(Input records Opens)
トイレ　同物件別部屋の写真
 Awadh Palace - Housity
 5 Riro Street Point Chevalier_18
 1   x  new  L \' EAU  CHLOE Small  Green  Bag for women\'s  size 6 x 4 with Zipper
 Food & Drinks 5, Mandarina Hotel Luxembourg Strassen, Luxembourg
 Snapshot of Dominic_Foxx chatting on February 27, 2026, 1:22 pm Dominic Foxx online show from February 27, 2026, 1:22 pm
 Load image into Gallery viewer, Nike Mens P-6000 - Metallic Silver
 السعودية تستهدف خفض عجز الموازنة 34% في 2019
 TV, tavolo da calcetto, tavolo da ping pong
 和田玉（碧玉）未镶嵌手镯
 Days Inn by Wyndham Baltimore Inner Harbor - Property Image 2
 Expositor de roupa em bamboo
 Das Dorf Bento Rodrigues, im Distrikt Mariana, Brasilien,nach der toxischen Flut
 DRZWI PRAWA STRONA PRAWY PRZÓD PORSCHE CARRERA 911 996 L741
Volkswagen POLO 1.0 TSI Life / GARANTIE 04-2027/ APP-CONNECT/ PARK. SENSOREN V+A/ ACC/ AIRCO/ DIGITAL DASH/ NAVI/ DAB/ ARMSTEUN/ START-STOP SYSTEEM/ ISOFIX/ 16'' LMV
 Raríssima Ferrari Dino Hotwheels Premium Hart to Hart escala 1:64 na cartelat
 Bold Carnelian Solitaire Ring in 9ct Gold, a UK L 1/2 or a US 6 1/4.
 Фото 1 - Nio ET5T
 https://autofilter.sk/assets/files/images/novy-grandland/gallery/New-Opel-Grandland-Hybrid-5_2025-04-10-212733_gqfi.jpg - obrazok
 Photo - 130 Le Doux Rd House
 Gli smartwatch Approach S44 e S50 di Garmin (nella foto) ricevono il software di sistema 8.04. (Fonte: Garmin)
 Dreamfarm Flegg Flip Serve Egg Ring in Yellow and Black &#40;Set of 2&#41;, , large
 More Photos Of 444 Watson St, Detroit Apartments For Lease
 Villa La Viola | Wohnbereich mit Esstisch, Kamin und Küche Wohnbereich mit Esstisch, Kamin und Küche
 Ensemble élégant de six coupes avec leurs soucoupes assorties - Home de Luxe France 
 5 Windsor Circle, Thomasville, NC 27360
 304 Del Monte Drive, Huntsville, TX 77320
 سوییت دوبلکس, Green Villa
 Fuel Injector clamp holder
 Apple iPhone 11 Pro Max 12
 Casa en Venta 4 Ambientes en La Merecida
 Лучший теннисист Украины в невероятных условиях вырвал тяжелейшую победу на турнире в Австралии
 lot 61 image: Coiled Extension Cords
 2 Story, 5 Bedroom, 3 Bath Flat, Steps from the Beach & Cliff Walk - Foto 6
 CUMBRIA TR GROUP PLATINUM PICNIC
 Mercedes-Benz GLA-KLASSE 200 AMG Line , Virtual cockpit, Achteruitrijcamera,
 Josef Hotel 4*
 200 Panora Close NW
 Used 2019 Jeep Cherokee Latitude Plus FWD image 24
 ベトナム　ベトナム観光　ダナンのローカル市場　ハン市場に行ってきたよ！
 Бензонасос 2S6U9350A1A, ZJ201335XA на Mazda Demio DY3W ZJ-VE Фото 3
(Input records Closes)
#### [What is being asked]
Please reproduce exactly the lines above, beginning with the first and ending with the line that contains "السعودية تستهدف خفض عجز الموازنة 34% في 2019", and include nothing outside that range.

#### [Problem solution]
トイレ　同物件別部屋の写真
 Awadh Palace - Housity
 5 Riro Street Point Chevalier_18
 1   x  new  L \' EAU  CHLOE Small  Green  Bag for women\'s  size 6 x 4 with Zipper
 Food & Drinks 5, Mandarina Hotel Luxembourg Strassen, Luxembourg
 Snapshot of Dominic_Foxx chatting on February 27, 2026, 1:22 pm Dominic Foxx online show from February 27, 2026, 1:22 pm
 Load image into Gallery viewer, Nike Mens P-6000 - Metallic Silver
 السعودية تستهدف خفض عجز الموازنة 34% في 2019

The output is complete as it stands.